▶ What the task asks
Across these entries, how many lines contain the word "Floral"? Answer with only the number.

[Data records]
_ _ _ _

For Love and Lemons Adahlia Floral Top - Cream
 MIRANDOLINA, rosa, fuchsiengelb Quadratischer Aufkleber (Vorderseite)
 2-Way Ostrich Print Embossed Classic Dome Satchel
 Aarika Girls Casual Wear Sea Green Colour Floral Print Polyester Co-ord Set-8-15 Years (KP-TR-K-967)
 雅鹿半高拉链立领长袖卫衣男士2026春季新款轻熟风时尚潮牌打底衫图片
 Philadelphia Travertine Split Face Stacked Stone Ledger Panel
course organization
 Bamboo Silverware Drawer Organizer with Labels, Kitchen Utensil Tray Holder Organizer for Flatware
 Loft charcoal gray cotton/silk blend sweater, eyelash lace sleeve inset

_ _ _ _

▶ Exercise answer
2